Each line of the data must be given back verbatim, with pictures removed.

Source material |
—————

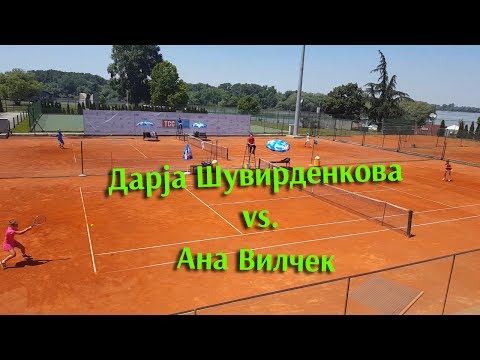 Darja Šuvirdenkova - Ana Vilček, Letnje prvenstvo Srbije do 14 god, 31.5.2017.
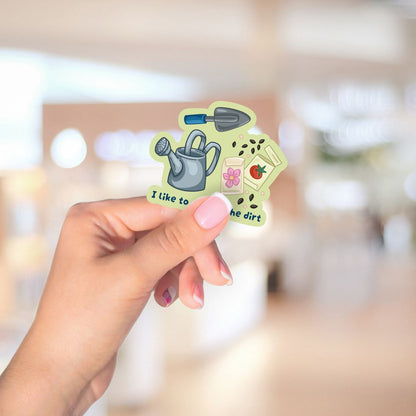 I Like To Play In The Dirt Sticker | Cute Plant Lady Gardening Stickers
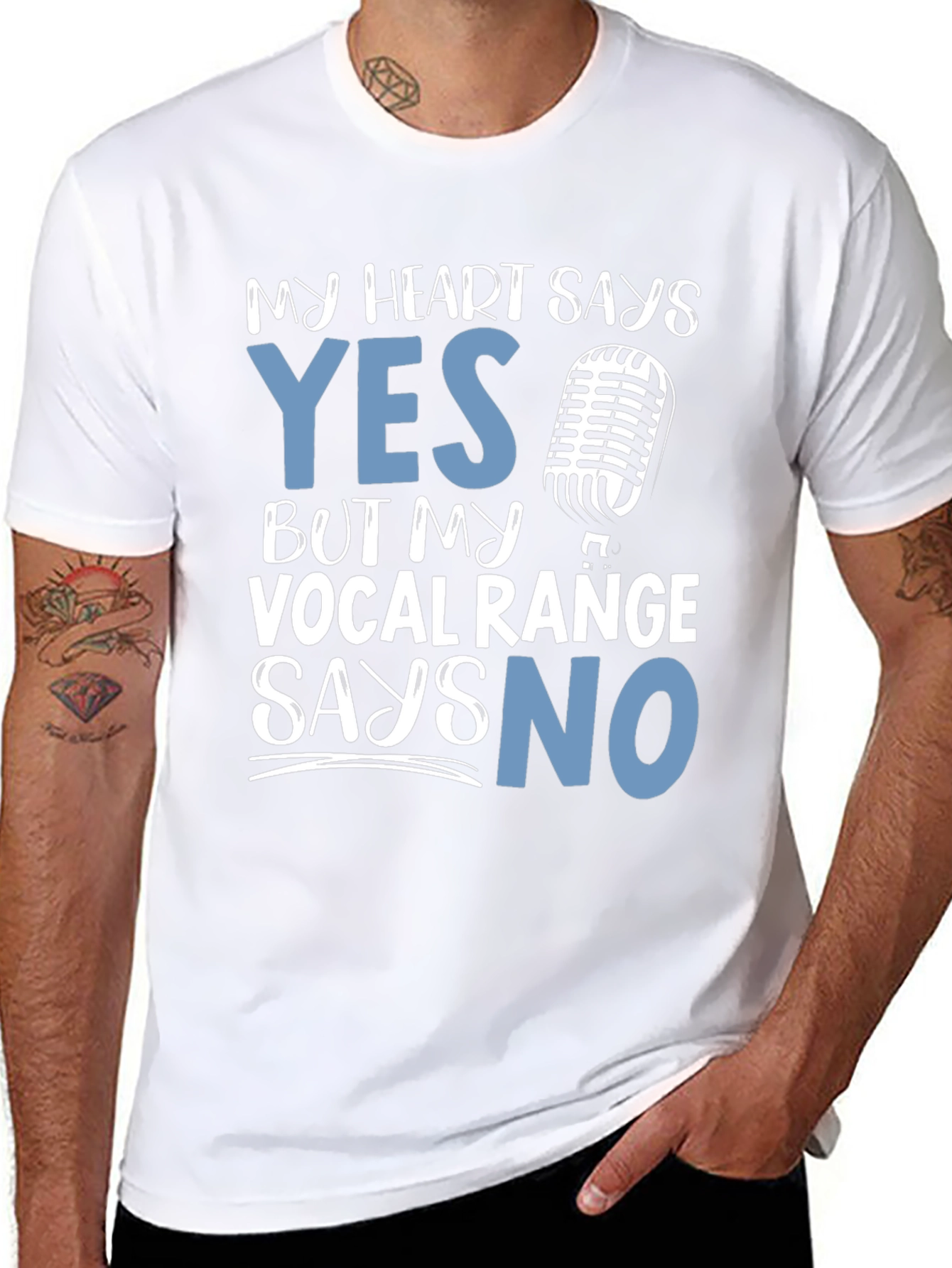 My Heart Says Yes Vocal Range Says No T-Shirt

—————

Written answer |
 Darja Šuvirdenkova - Ana Vilček, Letnje prvenstvo Srbije do 14 god, 31.5.2017.
 I Like To Play In The Dirt Sticker | Cute Plant Lady Gardening Stickers
 My Heart Says Yes Vocal Range Says No T-Shirt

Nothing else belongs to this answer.